When I load a file in ASCII mode, I don't have any error, but when I do the same in unicode mode, I get chinese-like symbols |
I think you're misunderstanding what "Unicode mode" really means. In Visual Studio, all it really means is that the wide version of WinAPI functions are used by default. That's it. For you to actually use them properly, you must give them proper UTF-16 strings.

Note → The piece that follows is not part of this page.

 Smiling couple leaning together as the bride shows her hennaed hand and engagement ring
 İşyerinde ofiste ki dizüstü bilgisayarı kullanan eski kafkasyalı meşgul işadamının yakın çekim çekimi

If you're just taking an ASCII string and expecting it to be UTF-16... it isn't. And it will get interpretted strangely.
For example:
1 2 3 4 5 6 7 8 9 10 11 12 13 14 15 16 17 18 19 20 21 22 23 24 25 26 27 28 29
|
// say you have this in an ASCII text file
hello!
// this is 6 bytes long, one byte for each character. Each byte would be the
// ASCII code for each character. It would look like this in a hex editor:
68 65 6C 6C 6F 21
// where 0x68 is the ASCII code for 'h', 0x65 is the code for 'e', etc
// the problem you're having is that you are interpretting the file as UTF-16. UTF-16
// has 2 bytes per character (it actually can be up to 4 bytes, but don't worry about that
// for now -- it's usually only 2)
//
// That same binary data:
68 65 6C 6C 6F 21
// interpretted as UTF-16 (little endian):
6568 6C6C 216F
// is only 3 characters long. And those 3 characters are:
// U+6568 ( 敨 )
// U+6C6C ( 汬 )
// U+216F ( Ⅿ )
//
// As you can see, this text is nothing at all like "hello"
|
If the text is in ASCII and you want to give it to a function that expects UTF-16... you need to convert the text data. Simply changing the compiler setting does not do this automatically... you have to write code to do it.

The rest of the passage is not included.